Whether they are the goals of Internet design, the goals of regulation, or the expectations of Internet users, we demand three principles be adhered to: powerful citizens, a digital commons, and a commitment to openness that ensures it is safe, what we call securitized openness. Without strong citizens, a functioning commons and security, a democracy would be considered in crisis: the digital revolution changes nothing about this.
The case is a simple one: democracies demand democratic infrastructure, and provision of that infrastructure should be public, transparent and equitable.
This is not a call simply for greater state funding and control, but for the development and support of digital technology that distributes power securely and lowers barriers to active participation. From top to bottom, across the entire digital technology stack. This means international cooperation on digital infrastructure, an embrace of protocols over platforms, provision over profit, and defence of open standards. It means an end to relentless, permission-lite data extraction. It means redesigning our online tools to empower citizens not indenture serfs. All this while ensuring the system as a whole is safe, secure, and robust in the face of authoritarian assault.
Routes towards this kind of Internet are plentiful and varied.
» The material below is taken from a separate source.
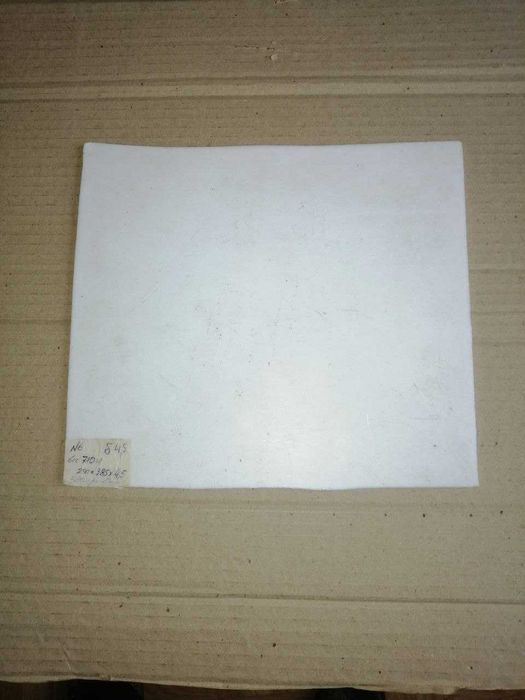 Фторопласт листовой толщиной от 3,5мм до 4мм.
Some will be big, requiring enormous investment and international agreement. Others may require little, by surgically targeting critical weak points in the status quo.
This is a look back as much as a look forward: many of the hopes of the Internet’s early architects were for a just, free and egalitarian online world. Its early voices warned states – weary giants of flesh and steel – from trying to interfere, but it wasn’t just the state they should have worried about: it is private corporations who are for the most part responsible for today’s Internet.
Below, we ask some questions we hope test some key requirements of democratic systems, and ask if they can currently be met by anyone except private companies?
Can I carry out essential activities outside of a commercial space? Or is my access to information, or my ability to organise or communicate, subject to the decisions made by private corporations or used for profit making?
It is our argument that the development of the Internet has left some critical democratic functions in the hands of non-democratic actors, and that those functions should be moved into the layer of democratic infrastructure.
The Good Web is a public infrastructure project.